* EXERCISE AIM *
Everything in the records is to be written out exactly, except the pictures.

* DATA *
Segment Open
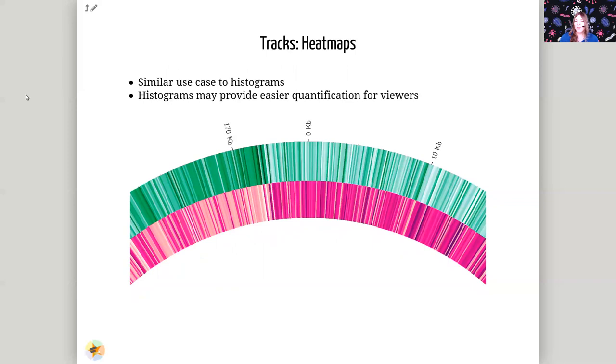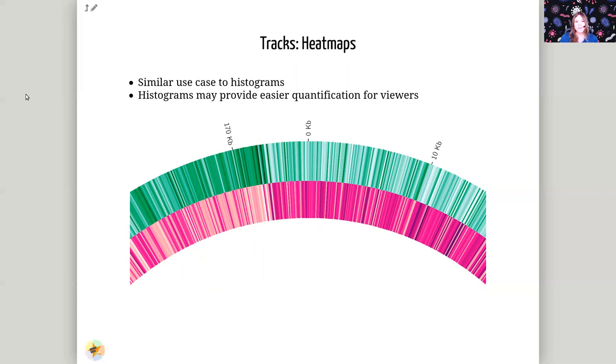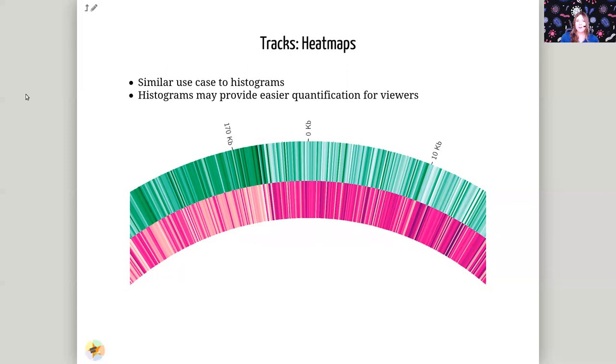Alternatively, you can plot all of the same data sets using the heat map track type, and this will produce a more visually pleasing, but harder to quantify track. So when you need sort of a general feeling of like, are there a lot of genes in this region or something like this, then you can use a heat map where you might not need that more precise like, oh, this is an outlier top 10% value, something like that.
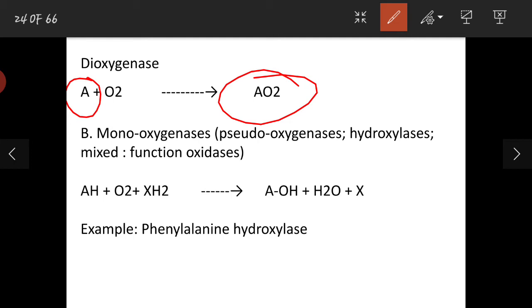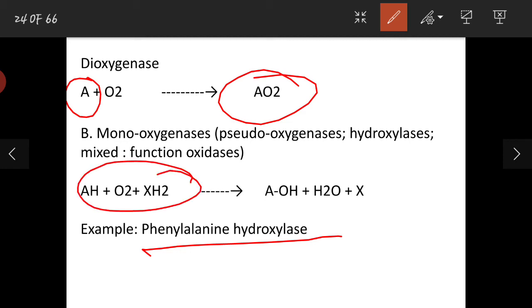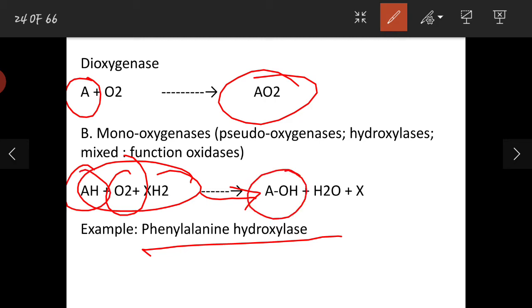In the dioxygenase reaction, substrate A accepts the complete oxygen molecule and becomes AO2. Coming to monooxygenases — these are pseudo or false oxygenases because only one atom of oxygen is incorporated. They function as mixed-function oxidases. An example is phenylalanine hydroxylase. Here, substrate AH plus O2 — the full oxygen molecule — shows that the enzyme incorporates only one atom of oxygen into the substrate, while the other atom is converted to a water molecule.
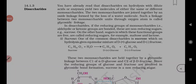Hello everyone, welcome to my channel. In this series we will discuss the disaccharide part of biomolecules chemistry. Disaccharides on hydrolysis with dilute acids or enzymes give two molecules of either the same or different monosaccharides.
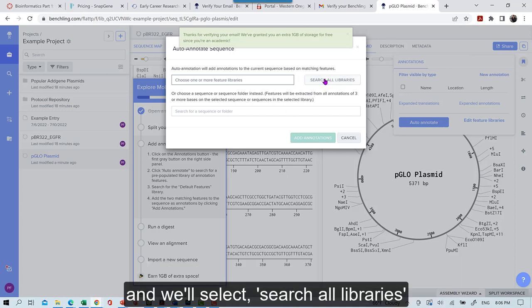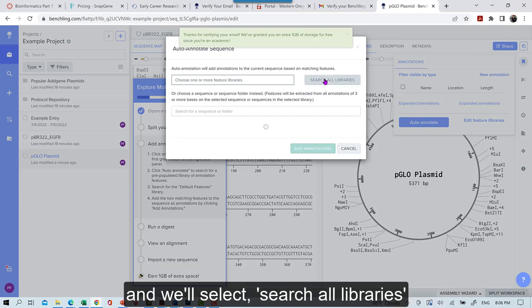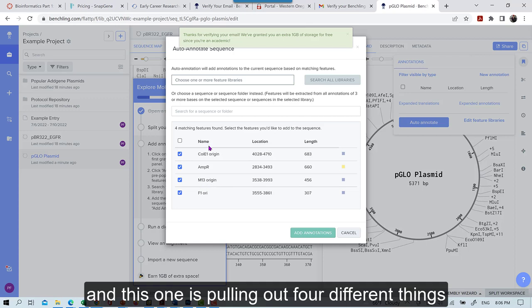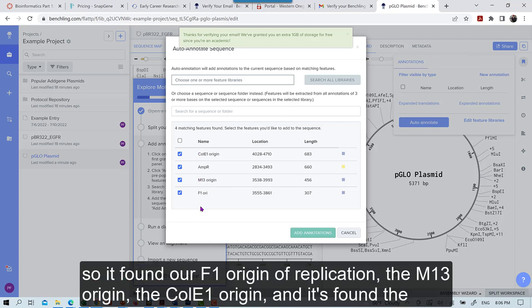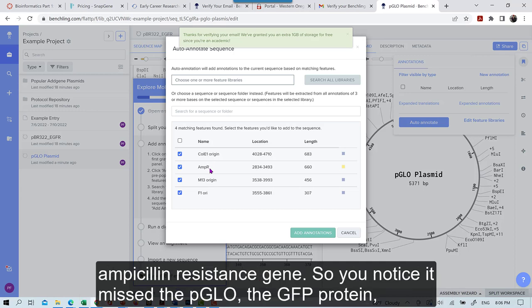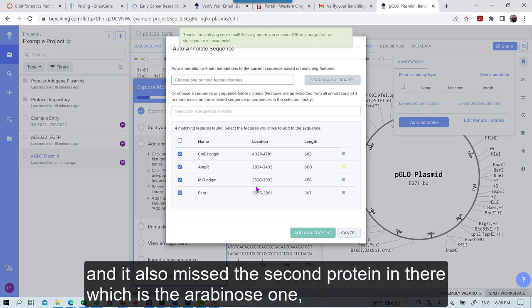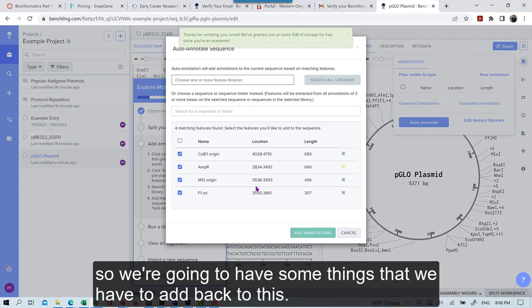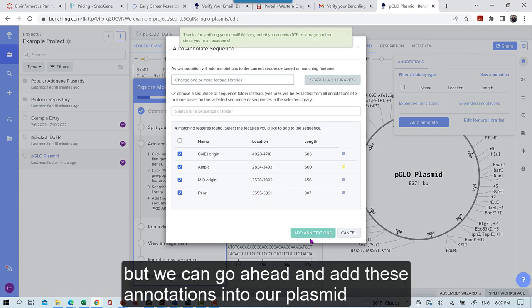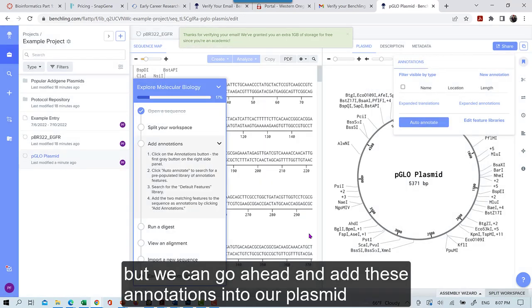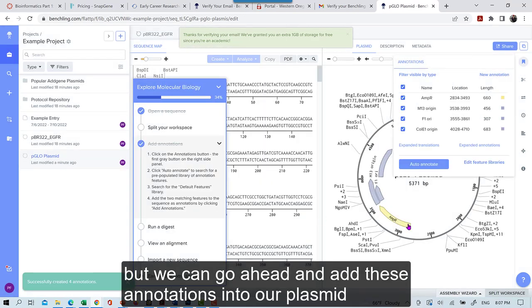And we'll select search all libraries. And this one is pulling out four different things. So it's found our F1 origin of replication, the M13 origin, the Cole E1 origin, and it's found the ampicillin resistance gene. So you notice it missed the PGLO, the GFP protein. And it also missed the second protein in there, which is the arabinose one. So we're going to have some things that we have to add back to this. But we can go ahead and add these annotations into our plasmid.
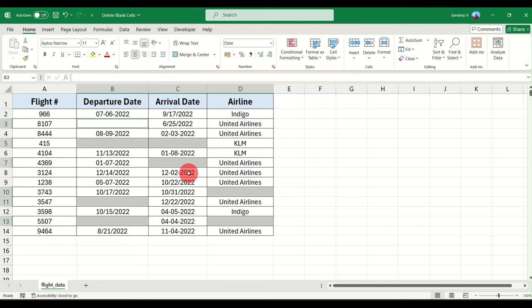Okay, so now you can see there are, I think, one, two, three, four, five, six, seven, eight cells which are blank. These are highlighted and now I'm going to delete it.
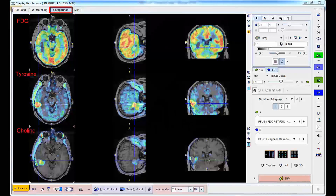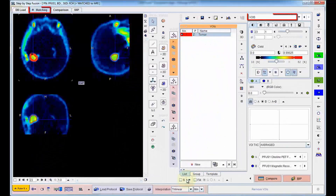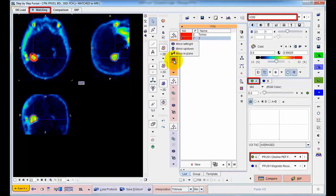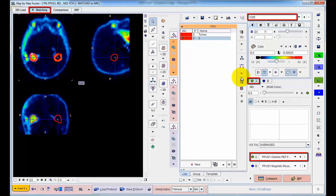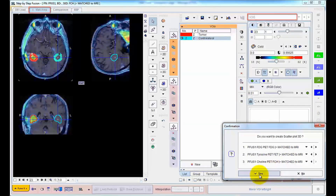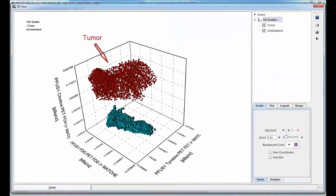FUSE-IT provides various ways to study the joint information contained in registered images. The approach illustrated here correlates the tracer uptake across the PET studies. A tumor volume of interest is outlined using the choline PET. To obtain a comparison reference, it is mirrored contralaterally to healthy tissue. Next, the uptake across the PET studies in all VOI pixels is calculated, and the result is visualized as an interactive 3D scatterplot. Note how the cluster representing tumor tissue is clearly separated from the reference, mainly in the dimension of the choline uptake.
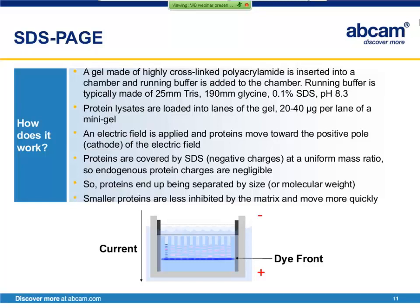So how does SDS-PAGE work? We start with a porous gel matrix made of highly cross-linked acrylamide, submerged in a chamber filled with an aqueous buffer. Samples of protein lysates are loaded into wells of the gel — the well is at the top of each lane, which is a depression in the gel that holds the lysate until the current is applied. When the current is applied, the proteins migrate towards the positive pole as they are coated in negatively charged SDS. Because smaller proteins are less inhibited by the gel matrix, they move faster through the gel, and when the current is removed they will be farther down the gel — so proteins are separated from each other according to size.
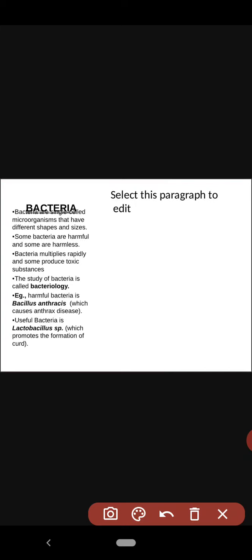Now let us go with bacteria. Bacteria are single-celled microorganisms that have different shapes and sizes. Some bacteria are harmful and some are harmless — just like most microorganisms, a few are harmful and a few are beneficial. The study of bacteria is called bacteriology.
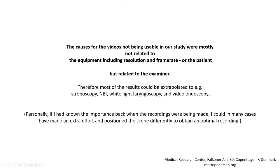The causes for the videos not being usable identified in the study were mostly related to how the examination was performed, and not to the equipment nor to the patients most of the time. So even though the recordings were high-speed videos, this makes it possible to extrapolate the results to other recording methods like stroboscopy, NBI, white light laryngoscopy, and video endoscopy. If we had known this at the time of recording, a simple adjustment could have solved this, often requiring only a small extra effort to achieve.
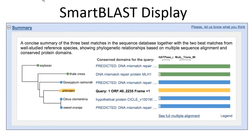This is the heart of the SmartBLAST display. This is a search I did with a translation of an open reading frame from the lychee nut transcriptome. I can quickly find a name for this novel protein sequence — it's probably a DNA mismatch repair protein. The name comes from the green matches, which are the reference or landmark genomes; Arabidopsis would be the one to grab the name from. This is the MLH1 homolog in this plant.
Segment Closed
* ANSWER TO THIS TASK *
Alternatively, you can plot all of the same data sets using the heat map track type, and this will produce a more visually pleasing, but harder to quantify track. So when you need sort of a general feeling of like, are there a lot of genes in this region or something like this, then you can use a heat map where you might not need that more precise like, oh, this is an outlier top 10% value, something like that.
In the dioxygenase reaction, substrate A accepts the complete oxygen molecule and becomes AO2. Coming to monooxygenases — these are pseudo or false oxygenases because only one atom of oxygen is incorporated. They function as mixed-function oxidases. An example is phenylalanine hydroxylase. Here, substrate AH plus O2 — the full oxygen molecule — shows that the enzyme incorporates only one atom of oxygen into the substrate, while the other atom is converted to a water molecule.
Hello everyone, welcome to my channel. In this series we will discuss the disaccharide part of biomolecules chemistry. Disaccharides on hydrolysis with dilute acids or enzymes give two molecules of either the same or different monosaccharides.
And we'll select search all libraries. And this one is pulling out four different things. So it's found our F1 origin of replication, the M13 origin, the Cole E1 origin, and it's found the ampicillin resistance gene. So you notice it missed the PGLO, the GFP protein. And it also missed the second protein in there, which is the arabinose one. So we're going to have some things that we have to add back to this. But we can go ahead and add these annotations into our plasmid.
Okay, so now you can see there are, I think, one, two, three, four, five, six, seven, eight cells which are blank. These are highlighted and now I'm going to delete it.
FUSE-IT provides various ways to study the joint information contained in registered images. The approach illustrated here correlates the tracer uptake across the PET studies. A tumor volume of interest is outlined using the choline PET. To obtain a comparison reference, it is mirrored contralaterally to healthy tissue. Next, the uptake across the PET studies in all VOI pixels is calculated, and the result is visualized as an interactive 3D scatterplot. Note how the cluster representing tumor tissue is clearly separated from the reference, mainly in the dimension of the choline uptake.
So how does SDS-PAGE work? We start with a porous gel matrix made of highly cross-linked acrylamide, submerged in a chamber filled with an aqueous buffer. Samples of protein lysates are loaded into wells of the gel — the well is at the top of each lane, which is a depression in the gel that holds the lysate until the current is applied. When the current is applied, the proteins migrate towards the positive pole as they are coated in negatively charged SDS. Because smaller proteins are less inhibited by the gel matrix, they move faster through the gel, and when the current is removed they will be farther down the gel — so proteins are separated from each other according to size.
Now let us go with bacteria. Bacteria are single-celled microorganisms that have different shapes and sizes. Some bacteria are harmful and some are harmless — just like most microorganisms, a few are harmful and a few are beneficial. The study of bacteria is called bacteriology.
The causes for the videos not being usable identified in the study were mostly related to how the examination was performed, and not to the equipment nor to the patients most of the time. So even though the recordings were high-speed videos, this makes it possible to extrapolate the results to other recording methods like stroboscopy, NBI, white light laryngoscopy, and video endoscopy. If we had known this at the time of recording, a simple adjustment could have solved this, often requiring only a small extra effort to achieve.
This is the heart of the SmartBLAST display. This is a search I did with a translation of an open reading frame from the lychee nut transcriptome. I can quickly find a name for this novel protein sequence — it's probably a DNA mismatch repair protein. The name comes from the green matches, which are the reference or landmark genomes; Arabidopsis would be the one to grab the name from. This is the MLH1 homolog in this plant.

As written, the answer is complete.